EXERCISE INPUT Start Marker
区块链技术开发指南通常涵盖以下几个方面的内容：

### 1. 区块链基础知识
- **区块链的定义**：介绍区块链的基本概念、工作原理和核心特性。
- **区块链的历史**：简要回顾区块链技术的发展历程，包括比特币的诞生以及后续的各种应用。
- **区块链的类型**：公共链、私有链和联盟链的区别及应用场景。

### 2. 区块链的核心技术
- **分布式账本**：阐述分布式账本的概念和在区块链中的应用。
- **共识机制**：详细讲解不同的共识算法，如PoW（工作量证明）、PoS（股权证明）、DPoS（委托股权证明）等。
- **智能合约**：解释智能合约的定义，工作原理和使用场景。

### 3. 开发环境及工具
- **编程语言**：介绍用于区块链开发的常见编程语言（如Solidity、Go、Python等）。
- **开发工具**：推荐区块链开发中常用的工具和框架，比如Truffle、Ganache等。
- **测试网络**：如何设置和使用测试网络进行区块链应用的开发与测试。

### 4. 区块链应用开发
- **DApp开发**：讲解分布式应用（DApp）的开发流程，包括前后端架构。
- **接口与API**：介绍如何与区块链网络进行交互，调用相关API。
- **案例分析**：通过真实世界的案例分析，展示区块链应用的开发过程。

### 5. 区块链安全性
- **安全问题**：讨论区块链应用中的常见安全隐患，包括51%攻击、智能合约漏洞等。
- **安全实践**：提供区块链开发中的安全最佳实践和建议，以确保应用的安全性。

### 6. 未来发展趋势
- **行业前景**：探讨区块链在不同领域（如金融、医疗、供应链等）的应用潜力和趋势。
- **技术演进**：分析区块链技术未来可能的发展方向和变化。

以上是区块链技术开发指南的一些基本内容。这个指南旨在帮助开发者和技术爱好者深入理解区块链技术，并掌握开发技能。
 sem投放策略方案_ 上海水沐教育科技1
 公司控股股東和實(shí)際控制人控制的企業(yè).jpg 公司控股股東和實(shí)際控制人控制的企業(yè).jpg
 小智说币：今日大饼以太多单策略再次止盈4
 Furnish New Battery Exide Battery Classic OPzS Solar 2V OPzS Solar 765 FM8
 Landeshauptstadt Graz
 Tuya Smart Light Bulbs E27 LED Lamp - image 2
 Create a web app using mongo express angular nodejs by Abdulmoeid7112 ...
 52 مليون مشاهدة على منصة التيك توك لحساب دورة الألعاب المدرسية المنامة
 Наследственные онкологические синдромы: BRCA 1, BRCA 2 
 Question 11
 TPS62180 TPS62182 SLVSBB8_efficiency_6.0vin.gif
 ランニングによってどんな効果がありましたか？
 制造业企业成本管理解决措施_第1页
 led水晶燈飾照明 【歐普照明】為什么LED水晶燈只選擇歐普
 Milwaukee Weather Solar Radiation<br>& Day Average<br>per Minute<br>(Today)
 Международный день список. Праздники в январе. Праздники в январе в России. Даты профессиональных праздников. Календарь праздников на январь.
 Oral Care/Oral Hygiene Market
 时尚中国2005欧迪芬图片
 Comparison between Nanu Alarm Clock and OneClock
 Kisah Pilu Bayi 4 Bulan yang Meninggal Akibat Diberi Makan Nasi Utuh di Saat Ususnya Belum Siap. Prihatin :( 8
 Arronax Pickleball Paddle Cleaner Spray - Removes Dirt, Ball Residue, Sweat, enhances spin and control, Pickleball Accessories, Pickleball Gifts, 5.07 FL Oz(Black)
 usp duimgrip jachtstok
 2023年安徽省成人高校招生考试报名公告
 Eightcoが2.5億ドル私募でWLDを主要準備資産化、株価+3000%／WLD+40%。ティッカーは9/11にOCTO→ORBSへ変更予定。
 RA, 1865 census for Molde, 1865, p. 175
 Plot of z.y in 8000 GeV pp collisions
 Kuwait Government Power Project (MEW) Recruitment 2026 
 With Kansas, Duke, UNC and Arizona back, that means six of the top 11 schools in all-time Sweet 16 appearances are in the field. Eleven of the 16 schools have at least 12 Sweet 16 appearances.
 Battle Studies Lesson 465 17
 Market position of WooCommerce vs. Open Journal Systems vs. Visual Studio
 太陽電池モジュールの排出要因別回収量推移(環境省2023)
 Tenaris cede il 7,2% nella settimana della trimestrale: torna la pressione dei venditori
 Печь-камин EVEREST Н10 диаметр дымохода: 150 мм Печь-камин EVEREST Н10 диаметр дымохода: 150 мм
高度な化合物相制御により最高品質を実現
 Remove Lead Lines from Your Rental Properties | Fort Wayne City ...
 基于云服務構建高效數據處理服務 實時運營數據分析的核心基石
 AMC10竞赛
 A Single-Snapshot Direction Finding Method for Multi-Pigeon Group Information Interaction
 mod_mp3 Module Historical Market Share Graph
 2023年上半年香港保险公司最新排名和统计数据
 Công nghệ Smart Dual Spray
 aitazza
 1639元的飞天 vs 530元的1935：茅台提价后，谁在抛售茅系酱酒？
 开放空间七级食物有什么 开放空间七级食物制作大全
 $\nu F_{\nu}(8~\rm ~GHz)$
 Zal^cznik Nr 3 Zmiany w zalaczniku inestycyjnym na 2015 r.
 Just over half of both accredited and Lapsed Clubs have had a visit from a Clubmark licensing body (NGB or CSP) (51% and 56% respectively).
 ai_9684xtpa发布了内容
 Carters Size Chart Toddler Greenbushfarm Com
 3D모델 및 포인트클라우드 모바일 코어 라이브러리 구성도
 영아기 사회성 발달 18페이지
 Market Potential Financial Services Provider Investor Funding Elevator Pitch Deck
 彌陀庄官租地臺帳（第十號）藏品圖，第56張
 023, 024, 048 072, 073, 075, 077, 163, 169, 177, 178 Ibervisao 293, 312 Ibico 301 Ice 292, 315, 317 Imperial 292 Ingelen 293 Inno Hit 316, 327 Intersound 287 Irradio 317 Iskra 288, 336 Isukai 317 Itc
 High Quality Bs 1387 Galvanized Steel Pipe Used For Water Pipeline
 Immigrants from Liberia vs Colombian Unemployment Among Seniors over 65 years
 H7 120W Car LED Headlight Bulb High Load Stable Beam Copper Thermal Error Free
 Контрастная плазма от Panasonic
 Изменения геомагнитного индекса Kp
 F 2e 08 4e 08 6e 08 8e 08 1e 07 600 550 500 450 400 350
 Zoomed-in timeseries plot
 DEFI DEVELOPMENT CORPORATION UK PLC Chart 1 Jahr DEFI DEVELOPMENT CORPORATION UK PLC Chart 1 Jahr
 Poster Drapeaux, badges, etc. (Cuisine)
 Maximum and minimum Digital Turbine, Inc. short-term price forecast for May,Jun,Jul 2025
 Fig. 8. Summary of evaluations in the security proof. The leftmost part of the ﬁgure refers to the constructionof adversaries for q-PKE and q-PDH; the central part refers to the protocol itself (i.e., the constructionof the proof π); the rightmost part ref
EXERCISE INPUT End Marker
Type out the entries again, word for word.

区块链技术开发指南通常涵盖以下几个方面的内容：

### 1. 区块链基础知识
- **区块链的定义**：介绍区块链的基本概念、工作原理和核心特性。
- **区块链的历史**：简要回顾区块链技术的发展历程，包括比特币的诞生以及后续的各种应用。
- **区块链的类型**：公共链、私有链和联盟链的区别及应用场景。

### 2. 区块链的核心技术
- **分布式账本**：阐述分布式账本的概念和在区块链中的应用。
- **共识机制**：详细讲解不同的共识算法，如PoW（工作量证明）、PoS（股权证明）、DPoS（委托股权证明）等。
- **智能合约**：解释智能合约的定义，工作原理和使用场景。

### 3. 开发环境及工具
- **编程语言**：介绍用于区块链开发的常见编程语言（如Solidity、Go、Python等）。
- **开发工具**：推荐区块链开发中常用的工具和框架，比如Truffle、Ganache等。
- **测试网络**：如何设置和使用测试网络进行区块链应用的开发与测试。

### 4. 区块链应用开发
- **DApp开发**：讲解分布式应用（DApp）的开发流程，包括前后端架构。
- **接口与API**：介绍如何与区块链网络进行交互，调用相关API。
- **案例分析**：通过真实世界的案例分析，展示区块链应用的开发过程。

### 5. 区块链安全性
- **安全问题**：讨论区块链应用中的常见安全隐患，包括51%攻击、智能合约漏洞等。
- **安全实践**：提供区块链开发中的安全最佳实践和建议，以确保应用的安全性。

### 6. 未来发展趋势
- **行业前景**：探讨区块链在不同领域（如金融、医疗、供应链等）的应用潜力和趋势。
- **技术演进**：分析区块链技术未来可能的发展方向和变化。

以上是区块链技术开发指南的一些基本内容。这个指南旨在帮助开发者和技术爱好者深入理解区块链技术，并掌握开发技能。
 sem投放策略方案_ 上海水沐教育科技1
 公司控股股東和實(shí)際控制人控制的企業(yè).jpg 公司控股股東和實(shí)際控制人控制的企業(yè).jpg
 小智说币：今日大饼以太多单策略再次止盈4
 Furnish New Battery Exide Battery Classic OPzS Solar 2V OPzS Solar 765 FM8
 Landeshauptstadt Graz
 Tuya Smart Light Bulbs E27 LED Lamp - image 2
 Create a web app using mongo express angular nodejs by Abdulmoeid7112 ...
 52 مليون مشاهدة على منصة التيك توك لحساب دورة الألعاب المدرسية المنامة
 Наследственные онкологические синдромы: BRCA 1, BRCA 2 
 Question 11
 TPS62180 TPS62182 SLVSBB8_efficiency_6.0vin.gif
 ランニングによってどんな効果がありましたか？
 制造业企业成本管理解决措施_第1页
 led水晶燈飾照明 【歐普照明】為什么LED水晶燈只選擇歐普
 Milwaukee Weather Solar Radiation<br>& Day Average<br>per Minute<br>(Today)
 Международный день список. Праздники в январе. Праздники в январе в России. Даты профессиональных праздников. Календарь праздников на январь.
 Oral Care/Oral Hygiene Market
 时尚中国2005欧迪芬图片
 Comparison between Nanu Alarm Clock and OneClock
 Kisah Pilu Bayi 4 Bulan yang Meninggal Akibat Diberi Makan Nasi Utuh di Saat Ususnya Belum Siap. Prihatin :( 8
 Arronax Pickleball Paddle Cleaner Spray - Removes Dirt, Ball Residue, Sweat, enhances spin and control, Pickleball Accessories, Pickleball Gifts, 5.07 FL Oz(Black)
 usp duimgrip jachtstok
 2023年安徽省成人高校招生考试报名公告
 Eightcoが2.5億ドル私募でWLDを主要準備資産化、株価+3000%／WLD+40%。ティッカーは9/11にOCTO→ORBSへ変更予定。
 RA, 1865 census for Molde, 1865, p. 175
 Plot of z.y in 8000 GeV pp collisions
 Kuwait Government Power Project (MEW) Recruitment 2026 
 With Kansas, Duke, UNC and Arizona back, that means six of the top 11 schools in all-time Sweet 16 appearances are in the field. Eleven of the 16 schools have at least 12 Sweet 16 appearances.
 Battle Studies Lesson 465 17
 Market position of WooCommerce vs. Open Journal Systems vs. Visual Studio
 太陽電池モジュールの排出要因別回収量推移(環境省2023)
 Tenaris cede il 7,2% nella settimana della trimestrale: torna la pressione dei venditori
 Печь-камин EVEREST Н10 диаметр дымохода: 150 мм Печь-камин EVEREST Н10 диаметр дымохода: 150 мм
高度な化合物相制御により最高品質を実現
 Remove Lead Lines from Your Rental Properties | Fort Wayne City ...
 基于云服務構建高效數據處理服務 實時運營數據分析的核心基石
 AMC10竞赛
 A Single-Snapshot Direction Finding Method for Multi-Pigeon Group Information Interaction
 mod_mp3 Module Historical Market Share Graph
 2023年上半年香港保险公司最新排名和统计数据
 Công nghệ Smart Dual Spray
 aitazza
 1639元的飞天 vs 530元的1935：茅台提价后，谁在抛售茅系酱酒？
 开放空间七级食物有什么 开放空间七级食物制作大全
 $\nu F_{\nu}(8~\rm ~GHz)$
 Zal^cznik Nr 3 Zmiany w zalaczniku inestycyjnym na 2015 r.
 Just over half of both accredited and Lapsed Clubs have had a visit from a Clubmark licensing body (NGB or CSP) (51% and 56% respectively).
 ai_9684xtpa发布了内容
 Carters Size Chart Toddler Greenbushfarm Com
 3D모델 및 포인트클라우드 모바일 코어 라이브러리 구성도
 영아기 사회성 발달 18페이지
 Market Potential Financial Services Provider Investor Funding Elevator Pitch Deck
 彌陀庄官租地臺帳（第十號）藏品圖，第56張
 023, 024, 048 072, 073, 075, 077, 163, 169, 177, 178 Ibervisao 293, 312 Ibico 301 Ice 292, 315, 317 Imperial 292 Ingelen 293 Inno Hit 316, 327 Intersound 287 Irradio 317 Iskra 288, 336 Isukai 317 Itc
 High Quality Bs 1387 Galvanized Steel Pipe Used For Water Pipeline
 Immigrants from Liberia vs Colombian Unemployment Among Seniors over 65 years
 H7 120W Car LED Headlight Bulb High Load Stable Beam Copper Thermal Error Free
 Контрастная плазма от Panasonic
 Изменения геомагнитного индекса Kp
 F 2e 08 4e 08 6e 08 8e 08 1e 07 600 550 500 450 400 350
 Zoomed-in timeseries plot
 DEFI DEVELOPMENT CORPORATION UK PLC Chart 1 Jahr DEFI DEVELOPMENT CORPORATION UK PLC Chart 1 Jahr
 Poster Drapeaux, badges, etc. (Cuisine)
 Maximum and minimum Digital Turbine, Inc. short-term price forecast for May,Jun,Jul 2025
 Fig. 8. Summary of evaluations in the security proof. The leftmost part of the ﬁgure refers to the constructionof adversaries for q-PKE and q-PDH; the central part refers to the protocol itself (i.e., the constructionof the proof π); the rightmost part ref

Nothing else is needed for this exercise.